Stepping up alongside Day-Lewis is DiCaprio, who plays the older Amsterdam Vallon with a sense of hidden heartache and stirring, white-hot anger. Although DiCaprio looks far too pretty to be a dirt-smeared gang member with redemptive qualities, the actor delivers a meaningful and captivating performance even though he’s occasionally outshone be even the supporting cast Scorsese dots around him. Amsterdam Vallon is an intriguing Count of Monte Cristo type character, playing the long revenge game, and DiCaprio’s committed performance is arguably one of his best. Supporting roles to Henry Thomas, Jim Broadbent (as Tammany Hall boss William Tweed), John C Reilly as a corrupt local policeman, and Brendan Gleeson as mercenary for hire Monk McGinn, flesh out the various wax-and-wane narrative complexity of the film’s bulging extravagance, while bit-parts to David Hemmings, Stephen Graham, Liam Neeson (as Amsterdam’s ill-fated father and catalyst for the story’s violent trajectory), Michael Byrne and Eddie Marsan are nice little “hey it’s that guy” moments that feel organic and realistic within the aesthetic of the film.

The film’s biggest failing – about its only one, really – is Cameron Diaz as Jenny Everdene. Miscast badly, Diaz looks completely at sea against her far better acting peers, lost within her terrible accent and lacking a shred of chemistry with on-screen romantic interest in DiCaprio. She tries to bring her A-game to the role of a local pickpocket and is weirdly beholden to the Butcher’s charms, but the actress never looks comfortably suited to the role at any stage, despite all her considerable effort. Similarly to DiCaprio, maybe she is just too pretty for the hard-bitten, tragic Everdene, and at this point in her career the actress lacked the screen presence to truthfully present as dirty, downtrodden and salacious without looking like she was trying too hard. Every time she’s on screen, save for one momentary sequence towards the end of the second act, the film grinds to a halt and the viewer is brought out of the film simply because she’s not believable. Her scenes with DiCaprio, of which there are many, are risibly clumsy, with not even Scorsese’s mighty hand behind the scenes able to create a silk purse out of a sow’s ear.

Gangs of New York is a terrific, if heavily fictionalized, film, a masterclass in period storytelling and an example of near across-the-board perfection in casting. Daniel Day-Lewis’ scorching performance as Bill the Butcher, serviced superbly by DiCaprio’s beautiful looks and committed acting style, as well as gutsy supporting work from Henry Thomas, Brendan Gleeson and Jim Broadbent, almost hobbled by Cameron Diaz in a woeful turn, leave nothing on the table with this tragic, violent, historically fantastical fable about New York’s birthing process. While the film doesn’t appear to take sides in political, demographic or religious ideas other than presenting them as human failings simply and ingloriously, Gangs Of New York’s violence and depravity, its sense of hopelessness amid the mud and blood that soak the streets, the desolate human misery adjacent to pompous luxury, offer a glimpse into an America not to dissimilar to the one we see today.

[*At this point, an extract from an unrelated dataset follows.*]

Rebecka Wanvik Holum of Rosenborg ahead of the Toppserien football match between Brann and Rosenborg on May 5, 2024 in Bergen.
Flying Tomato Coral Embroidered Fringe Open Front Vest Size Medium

To me, however, it’s the films final sequence that bears the most emotional fruit: the gradually deteriorating graves of both Bill the Butcher and his arch-nemesis, Priest Vallon, in a Brooklyn graveyard, overlooking Manhattan through the decades as the city grows and changes (a wonderful montage set to U2’s “Hands That Built America”), as if to suggest that all their toil, all their energy spent hating and fighting for power, is for naught against the inexorable grind of time and historical amnesia. Gangs of New York is a wonderful Scorsese film that remains as potent and emotionally gravitating now as it did in the aftermath of 9/11, which delayed the film’s release by almost a year.